The brief points out that liquid cooling is becoming the preferred heat dissipation solution with more and more businesses embracing it. Two success stories are showcased in the brief, the Alibaba and Tencent data centres, establishments that are Chinese leading internet companies. Within a short time, they have achieved large-scale adoption of the liquid cooling technology and the results are out for every environmentally conscious data storage business to see.
The brief acknowledges the rapid growth of the data centre market in China where it has had an annual growth rate of 30 per cent since 2010.
This growth has been fuelled by emerging technologies such as cloud computing, artificial intelligence, and big data. With this growth, there has been a steady rise in the heat load in the data centres.
The brief notes that air cooling abilities to meet the rising demand for heat dissipation are approaching the limit. There have been success stories from the leading data centres in this country. The Alibaba Winter Olympics Cloud Data Centers had energy savings of 35 per cent when compared to conventional cooling solutions.
The brief observes that from this example it can be deduced that adoption of the liquid cooling technologies can reduce power use by 235 million kW hours each year.
This power reduction would not only be good for data centres’ profitability but would also go a long way in reducing 200,000 tons of carbon in the atmosphere.
The brief notes that immersion liquid cooling is a new heat dissipation technology that has the potential to deliver great results, more so for its efficiency, green, and energy-saving capabilities.
Its reliability as pointed out in the brief emanates from the distinctive advantages which include direct and full contact with the heat-generating parts leading to low heat resistance and high heat transfer coefficient.
The coolant‘s relatively high thermal conductivity and elimination of the need to install fans as well as the coolant’s excellent insulation properties are the other advantages that have been pointed out in the brief.
The brief predicts that liquid cooling technology will revolutionise data centre cooling.
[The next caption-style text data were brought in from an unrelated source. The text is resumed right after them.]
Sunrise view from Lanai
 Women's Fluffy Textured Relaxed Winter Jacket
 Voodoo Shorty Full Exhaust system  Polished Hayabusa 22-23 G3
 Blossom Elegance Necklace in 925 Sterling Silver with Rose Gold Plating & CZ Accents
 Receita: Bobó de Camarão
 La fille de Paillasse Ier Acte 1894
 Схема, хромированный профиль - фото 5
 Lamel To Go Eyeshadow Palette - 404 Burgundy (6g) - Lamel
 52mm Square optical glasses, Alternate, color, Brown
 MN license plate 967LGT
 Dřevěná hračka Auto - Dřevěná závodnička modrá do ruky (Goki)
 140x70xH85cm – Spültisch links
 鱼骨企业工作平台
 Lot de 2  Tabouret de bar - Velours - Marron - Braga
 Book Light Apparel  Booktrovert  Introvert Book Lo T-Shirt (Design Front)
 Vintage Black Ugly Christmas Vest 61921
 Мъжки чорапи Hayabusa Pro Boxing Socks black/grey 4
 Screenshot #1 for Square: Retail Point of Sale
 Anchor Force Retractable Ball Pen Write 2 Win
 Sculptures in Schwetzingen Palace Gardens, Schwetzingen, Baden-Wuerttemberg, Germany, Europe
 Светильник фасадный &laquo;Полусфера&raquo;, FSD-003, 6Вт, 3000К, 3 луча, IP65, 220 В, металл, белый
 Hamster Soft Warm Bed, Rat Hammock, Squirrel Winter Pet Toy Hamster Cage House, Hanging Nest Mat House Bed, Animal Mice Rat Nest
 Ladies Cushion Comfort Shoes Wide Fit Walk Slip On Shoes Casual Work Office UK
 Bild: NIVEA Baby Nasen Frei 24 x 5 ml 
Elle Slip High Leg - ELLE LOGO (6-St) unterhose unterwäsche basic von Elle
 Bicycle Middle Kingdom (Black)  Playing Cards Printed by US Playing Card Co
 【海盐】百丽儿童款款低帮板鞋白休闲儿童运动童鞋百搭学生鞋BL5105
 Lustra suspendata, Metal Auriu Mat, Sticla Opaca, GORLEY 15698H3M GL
This revolution will be beneficial to the business as well as to the environment, however, data centre transformations will be required where substantial investments are initially needed and accumulation of new experience in running and maintenance of data centre.
The brief concludes that cooperation both nationally and globally will be required to enhance the development of the value chain for liquid cooling and market growth.